In a week that saw the Democrats trounced, anti-gay amendments passed across the country and the return of Texas's adopted son to the White House, there was one striking anomaly. An openly lesbian, Hispanic Democrat, has been elected sheriff in Dallas - the president's backyard.

In an upset brought about by local scandal, demographic evolution and personal chutzpah, Lupe Valdez, the daughter of a Mexican immigrant farm worker, became the first ever Democrat and woman to head the county's sole law enforcement office, which includes Texas' second largest city.

"Since I won, every time I go to a Democratic meeting, they go crazy," Ms Valdez, 57, told the New York Times.

Despite the fact that she had little in the way of money and a campaign led by novices, Ms Valdez won comfortably.

"We fought like we were losing," said Ms Valdez, a former prison guard, who had no idea how she was faring until the votes were counted because she could not afford the $12,000 (£6,500) for a poll. Her Republican rival, Danny Chandler, is a 29-year veteran of the department who hired a PR company to guide his campaign. But the Republicans were dogged by controversy from the outset.

The current sheriff, Jim Bowles, who held the post for 20 years was indicted on charges of taking more than $100,000 (£54,000) from vendors seeking contracts. He lost the Republican primary to Mr Chandler but continued publicly to attack him.

In the closing days of the campaign Mr Chandler tried to attack Ms Valdez over her sexual orientation, claiming Gay and Lesbian Victory Fund's endorsement of her candidacy committed her to promoting a gay agenda.

"It just simply is not relevant," Ms Valdez told the Fort Worth Star-Telegram before the election. "Desperate people do desperate things, and I think they're reaching."

Her win was aided by a mixture of white flight from the area and a steady increase in the black and Hispanic population, which is heavily Democratic. A Republican state district court judge who had sat on the bench for 15 years also lost to a woman in a surprise defeat.
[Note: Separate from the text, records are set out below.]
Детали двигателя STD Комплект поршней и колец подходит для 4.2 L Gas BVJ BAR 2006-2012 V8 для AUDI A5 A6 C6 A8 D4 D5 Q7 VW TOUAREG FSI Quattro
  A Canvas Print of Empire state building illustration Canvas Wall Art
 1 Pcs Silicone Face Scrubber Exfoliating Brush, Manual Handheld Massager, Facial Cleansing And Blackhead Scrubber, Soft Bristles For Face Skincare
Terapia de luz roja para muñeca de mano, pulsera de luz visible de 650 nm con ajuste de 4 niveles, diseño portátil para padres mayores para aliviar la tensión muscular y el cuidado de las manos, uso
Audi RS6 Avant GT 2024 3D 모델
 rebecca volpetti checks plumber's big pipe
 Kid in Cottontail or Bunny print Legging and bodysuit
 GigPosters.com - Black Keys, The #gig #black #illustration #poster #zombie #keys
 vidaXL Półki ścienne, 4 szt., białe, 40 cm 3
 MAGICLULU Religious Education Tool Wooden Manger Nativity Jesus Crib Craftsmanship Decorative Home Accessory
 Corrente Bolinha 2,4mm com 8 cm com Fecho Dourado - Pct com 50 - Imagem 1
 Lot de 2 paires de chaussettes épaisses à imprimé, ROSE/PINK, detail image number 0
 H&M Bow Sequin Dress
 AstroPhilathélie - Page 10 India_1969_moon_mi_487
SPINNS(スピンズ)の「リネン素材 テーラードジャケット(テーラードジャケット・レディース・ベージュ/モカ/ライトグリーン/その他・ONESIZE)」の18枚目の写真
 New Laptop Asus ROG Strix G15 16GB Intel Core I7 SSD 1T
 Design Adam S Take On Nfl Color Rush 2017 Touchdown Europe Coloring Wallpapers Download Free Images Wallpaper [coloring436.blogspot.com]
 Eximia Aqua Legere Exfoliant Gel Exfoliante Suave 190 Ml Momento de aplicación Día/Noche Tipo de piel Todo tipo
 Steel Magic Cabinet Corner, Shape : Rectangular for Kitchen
"The Democrats are on their way back," Cal Jillson, a political science professor at Southern Methodist University told the Dallas Morning News. "We can now call Dallas County a two-party, competitive county, which it has not been for 15 or more years."

It was also one of a handful of victories for openly lesbian and gay candidates across the country, with the conservative bastions of Idaho and North Carolina getting their first openly lesbian and gay state officials.

In Dallas the sheriff's department is struggling to adjust to their new boss.

Ms Valdez will take over a $130,300 a year job in charge of 7,000 prisoners and 1,322 deputies, detention officers and bailiffs.

"Right now the department is in a little bit of shock," said Lt Mark Howard, chair of the Sheriff's Association executive board. "We're just hoping she'll do what she promised. It would do no good to sabotage her. We want her to succeed."

"It's up to her to earn our trust," said David Teel, second vice-president of the Sheriff's Department chapter of the Fraternal Order of Police. "The ball's in her court. She's got a long, hard road ahead."

Ms Valdez is undaunted. "Excuse me," she said. "Going from migrant worker to a professional, that was a challenge. Going from jailer to federal agent, that was a challenge." Compared to all that, she says, this new job is "not a challenge".


© 2004 The Guardian
http://www.guardian.co.uk

Copyright by the author. All rights reserved.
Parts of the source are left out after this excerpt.